Como ya es tarde para salir corriendo a mi querida Nueva York, opto por traerme a casa el espíritu de la ciudad, que representa como nadie alguien que, por cierto, nació al otro lado del Hudson, en la pequeña localidad de Hoboken, en 1915: el gran Frank Sinatra. Sus mejores discos, los que grabó para el sello Capitol en los 50, se encuentran ahora en la FNAC al muy razonable precio de 7,95 euros. Yo me hice con tres hace un par de semanas (In the wee small hours, Where are you? y No one cares) y no escucho otra cosa desde entonces: Frank hace mucha compañía en estos tiempos convulsos y, como decía Gato Pérez, no hay nadie que le iguale a la hora de cantar canciones ajenas como si fuesen pedazos de su vida.

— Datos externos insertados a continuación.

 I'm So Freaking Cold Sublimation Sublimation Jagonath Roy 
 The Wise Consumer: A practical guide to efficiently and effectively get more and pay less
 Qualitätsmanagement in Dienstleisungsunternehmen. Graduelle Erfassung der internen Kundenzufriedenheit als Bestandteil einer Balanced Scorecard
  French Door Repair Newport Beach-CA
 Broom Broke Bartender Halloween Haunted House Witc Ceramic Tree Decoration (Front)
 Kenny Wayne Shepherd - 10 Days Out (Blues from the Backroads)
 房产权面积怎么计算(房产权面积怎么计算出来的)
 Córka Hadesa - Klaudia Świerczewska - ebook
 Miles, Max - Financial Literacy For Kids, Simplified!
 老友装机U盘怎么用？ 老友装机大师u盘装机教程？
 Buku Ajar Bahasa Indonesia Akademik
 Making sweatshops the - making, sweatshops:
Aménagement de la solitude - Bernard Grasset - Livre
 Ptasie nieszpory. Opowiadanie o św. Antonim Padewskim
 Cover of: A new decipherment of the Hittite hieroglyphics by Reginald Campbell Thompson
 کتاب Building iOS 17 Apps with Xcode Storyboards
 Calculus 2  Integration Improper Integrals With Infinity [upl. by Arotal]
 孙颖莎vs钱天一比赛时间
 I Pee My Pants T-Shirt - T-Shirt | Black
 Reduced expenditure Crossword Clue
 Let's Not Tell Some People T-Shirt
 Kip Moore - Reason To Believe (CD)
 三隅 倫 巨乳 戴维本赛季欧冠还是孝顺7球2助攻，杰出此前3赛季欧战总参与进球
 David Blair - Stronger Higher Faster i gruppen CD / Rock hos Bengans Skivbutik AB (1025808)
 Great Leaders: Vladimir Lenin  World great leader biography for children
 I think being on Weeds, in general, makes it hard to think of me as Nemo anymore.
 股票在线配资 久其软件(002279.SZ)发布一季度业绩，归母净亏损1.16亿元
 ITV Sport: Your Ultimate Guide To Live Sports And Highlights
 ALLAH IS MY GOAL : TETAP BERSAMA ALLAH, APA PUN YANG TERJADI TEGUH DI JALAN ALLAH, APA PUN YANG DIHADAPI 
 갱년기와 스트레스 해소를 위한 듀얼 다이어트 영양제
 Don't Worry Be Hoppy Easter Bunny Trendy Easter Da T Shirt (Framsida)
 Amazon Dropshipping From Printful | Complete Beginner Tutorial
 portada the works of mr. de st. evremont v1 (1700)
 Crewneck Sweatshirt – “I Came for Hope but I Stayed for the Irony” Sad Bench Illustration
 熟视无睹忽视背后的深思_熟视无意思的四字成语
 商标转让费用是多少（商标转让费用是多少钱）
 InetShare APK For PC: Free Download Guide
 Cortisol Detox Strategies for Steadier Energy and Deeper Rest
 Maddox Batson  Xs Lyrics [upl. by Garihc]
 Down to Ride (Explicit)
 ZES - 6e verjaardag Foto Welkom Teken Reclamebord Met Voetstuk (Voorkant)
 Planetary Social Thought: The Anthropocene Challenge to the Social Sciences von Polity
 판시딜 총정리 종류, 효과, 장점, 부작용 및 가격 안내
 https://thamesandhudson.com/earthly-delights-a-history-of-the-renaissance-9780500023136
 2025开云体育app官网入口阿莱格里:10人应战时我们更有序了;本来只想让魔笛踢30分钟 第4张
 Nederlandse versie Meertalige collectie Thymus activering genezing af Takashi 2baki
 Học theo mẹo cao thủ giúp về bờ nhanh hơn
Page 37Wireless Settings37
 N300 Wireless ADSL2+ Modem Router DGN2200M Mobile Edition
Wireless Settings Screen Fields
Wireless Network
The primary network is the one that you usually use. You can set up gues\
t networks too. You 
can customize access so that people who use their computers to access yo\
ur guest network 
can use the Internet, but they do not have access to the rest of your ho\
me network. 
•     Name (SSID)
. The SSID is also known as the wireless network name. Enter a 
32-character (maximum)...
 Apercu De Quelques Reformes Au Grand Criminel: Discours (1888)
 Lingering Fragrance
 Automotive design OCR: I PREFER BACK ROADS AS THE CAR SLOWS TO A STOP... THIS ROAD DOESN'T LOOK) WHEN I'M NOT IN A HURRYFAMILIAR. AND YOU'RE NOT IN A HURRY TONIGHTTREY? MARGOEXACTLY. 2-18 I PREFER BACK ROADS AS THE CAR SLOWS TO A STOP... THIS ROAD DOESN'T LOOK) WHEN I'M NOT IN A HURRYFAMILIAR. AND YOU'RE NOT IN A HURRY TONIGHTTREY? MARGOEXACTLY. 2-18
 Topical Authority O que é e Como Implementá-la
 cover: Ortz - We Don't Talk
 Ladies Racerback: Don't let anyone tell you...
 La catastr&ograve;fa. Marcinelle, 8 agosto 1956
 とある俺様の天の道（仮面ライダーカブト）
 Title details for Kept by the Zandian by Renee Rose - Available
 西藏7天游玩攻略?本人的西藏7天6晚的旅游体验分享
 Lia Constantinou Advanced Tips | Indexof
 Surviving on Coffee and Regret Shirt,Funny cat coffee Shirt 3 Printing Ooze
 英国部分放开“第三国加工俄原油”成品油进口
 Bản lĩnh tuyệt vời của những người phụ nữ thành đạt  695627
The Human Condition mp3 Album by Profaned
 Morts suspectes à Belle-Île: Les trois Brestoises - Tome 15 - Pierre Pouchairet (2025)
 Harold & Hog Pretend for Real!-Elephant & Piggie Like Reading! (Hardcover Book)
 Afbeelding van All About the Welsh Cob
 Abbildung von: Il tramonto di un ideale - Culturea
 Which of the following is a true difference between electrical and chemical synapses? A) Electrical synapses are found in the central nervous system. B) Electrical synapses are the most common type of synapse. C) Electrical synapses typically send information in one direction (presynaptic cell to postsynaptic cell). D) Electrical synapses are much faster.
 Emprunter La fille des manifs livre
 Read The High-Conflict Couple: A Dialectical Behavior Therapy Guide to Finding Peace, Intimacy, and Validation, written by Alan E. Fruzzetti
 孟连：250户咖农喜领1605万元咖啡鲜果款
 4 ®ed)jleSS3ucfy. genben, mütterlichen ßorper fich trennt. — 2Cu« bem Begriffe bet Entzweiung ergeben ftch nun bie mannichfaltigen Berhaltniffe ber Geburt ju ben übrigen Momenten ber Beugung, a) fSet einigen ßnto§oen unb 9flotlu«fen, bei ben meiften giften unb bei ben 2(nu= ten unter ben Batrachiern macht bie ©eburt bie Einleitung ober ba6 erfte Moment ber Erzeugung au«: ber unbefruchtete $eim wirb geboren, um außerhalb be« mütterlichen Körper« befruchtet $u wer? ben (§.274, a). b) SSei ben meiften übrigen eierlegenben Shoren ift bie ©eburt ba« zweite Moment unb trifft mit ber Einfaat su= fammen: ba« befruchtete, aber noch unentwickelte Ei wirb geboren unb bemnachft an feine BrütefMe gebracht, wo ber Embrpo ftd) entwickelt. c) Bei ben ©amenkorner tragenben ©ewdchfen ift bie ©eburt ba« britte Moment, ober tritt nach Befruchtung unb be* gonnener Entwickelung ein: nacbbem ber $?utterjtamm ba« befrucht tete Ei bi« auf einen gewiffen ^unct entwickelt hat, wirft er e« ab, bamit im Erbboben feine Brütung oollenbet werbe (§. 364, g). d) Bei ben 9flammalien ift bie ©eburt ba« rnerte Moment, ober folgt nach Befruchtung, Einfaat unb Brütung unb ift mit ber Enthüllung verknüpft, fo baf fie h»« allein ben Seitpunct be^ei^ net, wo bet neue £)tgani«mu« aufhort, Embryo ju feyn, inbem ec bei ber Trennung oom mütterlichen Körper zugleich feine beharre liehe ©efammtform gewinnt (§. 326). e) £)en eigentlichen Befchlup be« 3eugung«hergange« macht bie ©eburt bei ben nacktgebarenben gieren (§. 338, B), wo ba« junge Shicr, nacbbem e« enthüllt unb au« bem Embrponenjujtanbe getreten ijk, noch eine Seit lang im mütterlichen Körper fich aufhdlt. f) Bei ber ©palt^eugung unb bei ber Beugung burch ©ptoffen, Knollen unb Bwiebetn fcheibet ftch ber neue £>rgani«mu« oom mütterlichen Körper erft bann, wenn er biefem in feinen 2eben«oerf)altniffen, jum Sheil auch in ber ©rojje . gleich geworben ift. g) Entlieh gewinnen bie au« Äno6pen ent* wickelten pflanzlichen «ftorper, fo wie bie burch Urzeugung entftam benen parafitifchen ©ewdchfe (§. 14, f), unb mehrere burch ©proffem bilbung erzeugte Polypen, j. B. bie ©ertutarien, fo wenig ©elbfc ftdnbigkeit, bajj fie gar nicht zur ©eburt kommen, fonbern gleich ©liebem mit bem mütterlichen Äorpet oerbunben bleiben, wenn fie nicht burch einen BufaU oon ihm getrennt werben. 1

Dicen que mucha gente se siente sola en estas fechas, pero ahí está Sinatra para consolarles. Observémosle en la portada de No one cares (1959), en la barra de un bar, más solo que la una, rodeado de personas felices, sin tomarse la molestia de quitarse el sombrero y la gabardina, fumando y bebiendo, sumido en la melancolía... Si logramos olvidar que se cepilló a Ava Gardner y se pegó la vida padre, veremos a un amigo, un hermano, un semejante.